* **INSTRUCTIONS TO FOLLOW**
Could you write out the data that follows, exactly and in full?

┌─ RECORDS FOR THIS TASK

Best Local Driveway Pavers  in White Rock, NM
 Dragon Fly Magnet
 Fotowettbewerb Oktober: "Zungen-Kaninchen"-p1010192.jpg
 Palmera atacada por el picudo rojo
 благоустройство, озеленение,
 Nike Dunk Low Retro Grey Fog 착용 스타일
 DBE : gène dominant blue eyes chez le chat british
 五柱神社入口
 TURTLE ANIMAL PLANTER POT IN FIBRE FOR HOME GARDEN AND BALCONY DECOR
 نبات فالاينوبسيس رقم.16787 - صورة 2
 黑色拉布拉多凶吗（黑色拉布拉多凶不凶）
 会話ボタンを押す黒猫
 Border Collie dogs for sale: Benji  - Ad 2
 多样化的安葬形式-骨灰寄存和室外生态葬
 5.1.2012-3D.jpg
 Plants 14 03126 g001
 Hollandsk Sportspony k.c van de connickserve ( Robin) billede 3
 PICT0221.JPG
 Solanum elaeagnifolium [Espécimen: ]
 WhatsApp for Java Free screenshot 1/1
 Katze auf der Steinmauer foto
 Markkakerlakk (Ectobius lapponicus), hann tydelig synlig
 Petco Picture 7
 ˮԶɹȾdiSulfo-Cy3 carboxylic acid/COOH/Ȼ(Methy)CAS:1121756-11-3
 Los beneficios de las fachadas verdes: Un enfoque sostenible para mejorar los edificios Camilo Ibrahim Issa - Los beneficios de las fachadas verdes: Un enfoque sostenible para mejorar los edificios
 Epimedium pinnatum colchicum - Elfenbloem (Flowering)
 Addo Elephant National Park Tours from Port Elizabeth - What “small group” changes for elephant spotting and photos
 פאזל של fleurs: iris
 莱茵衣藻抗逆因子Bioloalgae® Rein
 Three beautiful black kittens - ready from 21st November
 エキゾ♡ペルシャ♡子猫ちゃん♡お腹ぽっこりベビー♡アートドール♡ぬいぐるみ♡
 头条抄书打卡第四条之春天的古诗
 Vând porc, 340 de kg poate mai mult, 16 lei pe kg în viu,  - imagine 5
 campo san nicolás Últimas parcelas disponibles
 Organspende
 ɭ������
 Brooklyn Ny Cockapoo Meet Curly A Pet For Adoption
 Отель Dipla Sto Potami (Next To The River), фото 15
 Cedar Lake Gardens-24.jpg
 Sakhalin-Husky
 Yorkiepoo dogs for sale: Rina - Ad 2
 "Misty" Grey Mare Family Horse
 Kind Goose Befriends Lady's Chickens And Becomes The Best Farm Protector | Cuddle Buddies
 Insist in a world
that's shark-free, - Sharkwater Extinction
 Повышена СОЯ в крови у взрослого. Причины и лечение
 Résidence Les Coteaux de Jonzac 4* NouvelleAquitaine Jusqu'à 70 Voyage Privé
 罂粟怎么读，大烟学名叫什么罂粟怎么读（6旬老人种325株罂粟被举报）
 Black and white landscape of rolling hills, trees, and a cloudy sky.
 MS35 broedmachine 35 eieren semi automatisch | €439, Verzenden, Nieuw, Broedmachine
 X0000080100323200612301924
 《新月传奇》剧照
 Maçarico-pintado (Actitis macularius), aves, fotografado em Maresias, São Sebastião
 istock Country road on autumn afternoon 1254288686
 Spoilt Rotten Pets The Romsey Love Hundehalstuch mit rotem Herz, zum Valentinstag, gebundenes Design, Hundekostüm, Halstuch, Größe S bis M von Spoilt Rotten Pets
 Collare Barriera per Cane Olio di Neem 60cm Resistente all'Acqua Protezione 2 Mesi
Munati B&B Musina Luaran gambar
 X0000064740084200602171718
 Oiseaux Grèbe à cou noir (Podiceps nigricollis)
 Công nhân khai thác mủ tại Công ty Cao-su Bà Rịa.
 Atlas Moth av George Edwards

└─

* **EXPECTED ANSWER**
Best Local Driveway Pavers  in White Rock, NM
 Dragon Fly Magnet
 Fotowettbewerb Oktober: "Zungen-Kaninchen"-p1010192.jpg
 Palmera atacada por el picudo rojo
 благоустройство, озеленение,
 Nike Dunk Low Retro Grey Fog 착용 스타일
 DBE : gène dominant blue eyes chez le chat british
 五柱神社入口
 TURTLE ANIMAL PLANTER POT IN FIBRE FOR HOME GARDEN AND BALCONY DECOR
 نبات فالاينوبسيس رقم.16787 - صورة 2
 黑色拉布拉多凶吗（黑色拉布拉多凶不凶）
 会話ボタンを押す黒猫
 Border Collie dogs for sale: Benji  - Ad 2
 多样化的安葬形式-骨灰寄存和室外生态葬
 5.1.2012-3D.jpg
 Plants 14 03126 g001
 Hollandsk Sportspony k.c van de connickserve ( Robin) billede 3
 PICT0221.JPG
 Solanum elaeagnifolium [Espécimen: ]
 WhatsApp for Java Free screenshot 1/1
 Katze auf der Steinmauer foto
 Markkakerlakk (Ectobius lapponicus), hann tydelig synlig
 Petco Picture 7
 ˮԶɹȾdiSulfo-Cy3 carboxylic acid/COOH/Ȼ(Methy)CAS:1121756-11-3
 Los beneficios de las fachadas verdes: Un enfoque sostenible para mejorar los edificios Camilo Ibrahim Issa - Los beneficios de las fachadas verdes: Un enfoque sostenible para mejorar los edificios
 Epimedium pinnatum colchicum - Elfenbloem (Flowering)
 Addo Elephant National Park Tours from Port Elizabeth - What “small group” changes for elephant spotting and photos
 פאזל של fleurs: iris
 莱茵衣藻抗逆因子Bioloalgae® Rein
 Three beautiful black kittens - ready from 21st November
 エキゾ♡ペルシャ♡子猫ちゃん♡お腹ぽっこりベビー♡アートドール♡ぬいぐるみ♡
 头条抄书打卡第四条之春天的古诗
 Vând porc, 340 de kg poate mai mult, 16 lei pe kg în viu,  - imagine 5
 campo san nicolás Últimas parcelas disponibles
 Organspende
 ɭ������
 Brooklyn Ny Cockapoo Meet Curly A Pet For Adoption
 Отель Dipla Sto Potami (Next To The River), фото 15
 Cedar Lake Gardens-24.jpg
 Sakhalin-Husky
 Yorkiepoo dogs for sale: Rina - Ad 2
 "Misty" Grey Mare Family Horse
 Kind Goose Befriends Lady's Chickens And Becomes The Best Farm Protector | Cuddle Buddies
 Insist in a world
that's shark-free, - Sharkwater Extinction
 Повышена СОЯ в крови у взрослого. Причины и лечение
 Résidence Les Coteaux de Jonzac 4* NouvelleAquitaine Jusqu'à 70 Voyage Privé
 罂粟怎么读，大烟学名叫什么罂粟怎么读（6旬老人种325株罂粟被举报）
 Black and white landscape of rolling hills, trees, and a cloudy sky.
 MS35 broedmachine 35 eieren semi automatisch | €439, Verzenden, Nieuw, Broedmachine
 X0000080100323200612301924
 《新月传奇》剧照
 Maçarico-pintado (Actitis macularius), aves, fotografado em Maresias, São Sebastião
 istock Country road on autumn afternoon 1254288686
 Spoilt Rotten Pets The Romsey Love Hundehalstuch mit rotem Herz, zum Valentinstag, gebundenes Design, Hundekostüm, Halstuch, Größe S bis M von Spoilt Rotten Pets
 Collare Barriera per Cane Olio di Neem 60cm Resistente all'Acqua Protezione 2 Mesi
Munati B&B Musina Luaran gambar
 X0000064740084200602171718
 Oiseaux Grèbe à cou noir (Podiceps nigricollis)
 Công nhân khai thác mủ tại Công ty Cao-su Bà Rịa.
 Atlas Moth av George Edwards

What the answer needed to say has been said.